Tidal Wave of Testing Grows But Reform Efforts Continue

K-12 Testing

Though a new wave of high-stakes testing threatens to inundate schools in many districts across the nation, progress in transforming assessment continues at both the local and state levels.


To create a climate in which performance assessment can flourish and support improved student learning, the basic presumptions behind the testing wave must be challenged and overturned. These false premises include the view that test scores constitute merit; that it is ever fair or reasonable to make high-stakes decisions based on a single test score; that tests, even good performance exams, are an adequate tool for driving curriculum and instruction; and that sanctions, including those based on test results, are the best way to induce improved schooling.


Harmful Trends in the States

West Virginia has decided to test all its students annually with the Stanford 9, the latest version of that multiple-choice, norm-referenced achievement test (NRT). The state administered a "pre-test" in the fall of 1996 in order to prepare students for the Stanford 9 to be given this spring. While state staff visit schools to see whether they are teaching the whole curriculum and not just the portion measured by the test, the state's emphasis on the test, via school accountability and accreditation, is likely to have narrowing effects on the curriculum. Teaching to the test is also likely to inflate test scores. On the previously used NRT, the Comprehensive Test of Basic Skills, the state average was at the 70th percentile, a questionably high level.


Massachusetts' legislature has mandated a high school exit exam for the year 2000 as well as testing in grades four and eight. The Board of Education, under the control of its chair, John Silber (see Examiner, Spring 1996), recently approved a third grade reading test which will be a commercial ("off-the-shelf") NRT. The question of attaching high stakes to it, such as retaining students in grade, is now on the Board's agenda.
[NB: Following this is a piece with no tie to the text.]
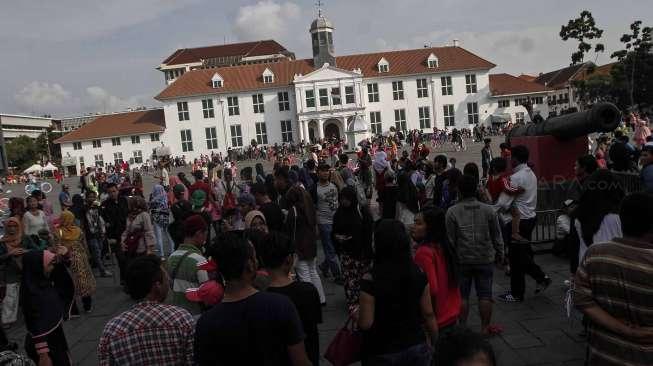 Warga memanfaatkan hari libur panjang di Kota Tua, Jakarta, Jumat (14/4).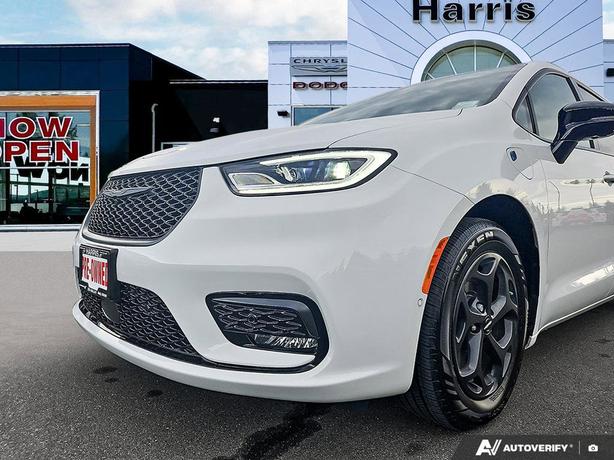 2024 Chrysler Pacifica Hybrid Premium S Appearance | No Reported Accidents | One image 8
Silber also has been pressing to test students in every grade. The Board has also voted to require all seniors to take the GED test, and is considering making it a graduation requirement, though just for 1996-97. This proposal has raised a firestorm of opposition.


California implemented its "bounty" system as part of state legislation A.B. 265, which replaced the California Learning Assessment System (CLAS) in 1996. CLAS, which was partly performance assessment, tested students in three grades. Now a district receives $5 for each child administered an approved test, but only if all students in grades 2 - 10 are tested. Test approval was supposed to be determined by a series of criteria, but in practice has been based primarily on the instrument's technical reliability coefficients. Thus, the list of acceptable instruments contains primarily multiple-choice NRTs. In the 1996 state legislative session, still more uses of testing were mandated, deepening the hold of the exams on curriculum and instruction.


Arizona's legislature voted to mandate norm-referenced testing in grades 3 - 12. In 1991, the state initiated the Arizona Student Assessment Program, which included performance assessments (see Examiner, Summer 1991, Winter 1994-95). In 1995, a conservative new Superintendent of Public Education suspended use of the performance assessments. With California, Arizona is the second pioneering state to fundamentally drop performance assessment due to political battles and changes. In both cases, technical complications were cited as the cause for the change.


Alabama's state board has voted to raise the cut-off score on its high school exit test. It also mandated a kindergarten test and added three subjects to the statewide Stanford 9, administered each year to all students in grades 3-11.


In Arkansas, the state has threatened to take over up to 20 districts if they do not raise their scores on the Stanford 9. Other sanctions, such as not promoting students to the next grade based on their test scores, also are being implemented in some school districts in other states, including Dade County, Florida, and Chicago, Illinois.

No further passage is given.